# AMD Ryzen 5 3600 auto boost stops around 4000-4100 MHz



## Bjørgersson (Apr 24, 2020)

Hello everybody,

I've replaced my furnace of an i7-6700K with a new Ryzen 5 3600 and I cannot seem to reach 4200 MHz boost clocks on auto BIOS settings. It's running in an MSI B450 Tomahawk MAX with the latest BIOS and 3200 MHz XMP enabled; I've attached screenshots of its corresponding settings. What setting(s) should I change to be able to hit 4200 MHz across all cores as in the TPU review? I know, it's only a few MHz, but still, I want it to reach its max clocks and the user's manual wasn't really of my help. 

Thanks for your help in advance!


----------



## Cranky5150 (Apr 24, 2020)

Ryzen's boost frequency, or any boost frequency is mostly going to depend on temperature of the CPU. What is your cooling like? Using stock heatsink? etc.. I would just do a manual overclock at 4.0 on all cores and call it a day.


----------



## londiste (Apr 24, 2020)

1.440 VCore?
3600 boosts to 4.0-4.1 GHz and overclock (especially automatic overclock) is bound to suck after that.


----------



## Bjørgersson (Apr 24, 2020)

Cranky5150 said:


> Ryzen's boost frequency, or any boost frequency is mostly going to depend on temperature of the CPU. What is your cooling like? Using stock heatsink? etc.. I would just do a manual overclock at 4.0 on all cores and call it a day.


I have an Alpenföhn Matterhorn Pure, the temps have been between 60-70 °C so far.
It hits 4 GHz by default, so I don't see the point of manually overclocking it for the same result.
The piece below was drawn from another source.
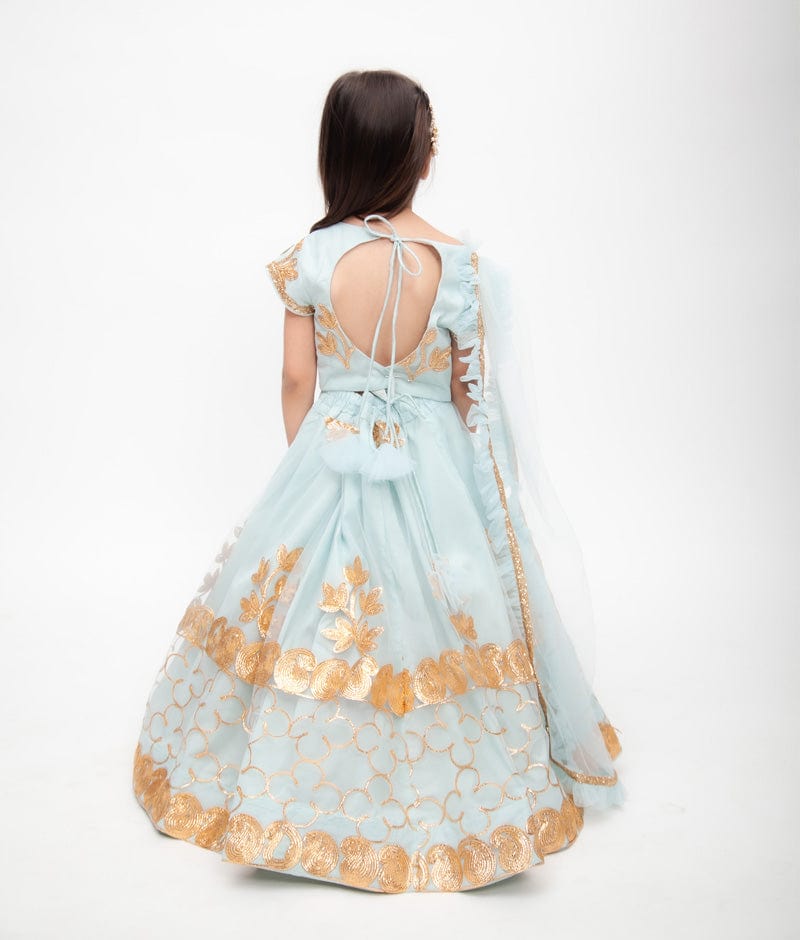 Fayon Kids Blue Gota Embroidery Lehenga with Choli Frill Dupatta for Girls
Well, I don't want to overclock it at all, just use its original boost.


----------



## HD64G (Apr 24, 2020)

Temperature might be the problem in your case. if stock cooler and an air-starved case is the combo, this could restrict clocks of CPU below its max boost no matter what you try.

Update: Just saw your post about your CPU cooler. Since you have a potent cooler for this CPU, if possible show us your case from the side and show us how air is directed and how many and where are the fans placed in it.


----------



## Bjørgersson (Apr 24, 2020)

londiste said:


> 1.440 VCore?
> 3600 boosts to 4.0-4.1 GHz and overclock (especially automatic overclock) is bound to suck after that.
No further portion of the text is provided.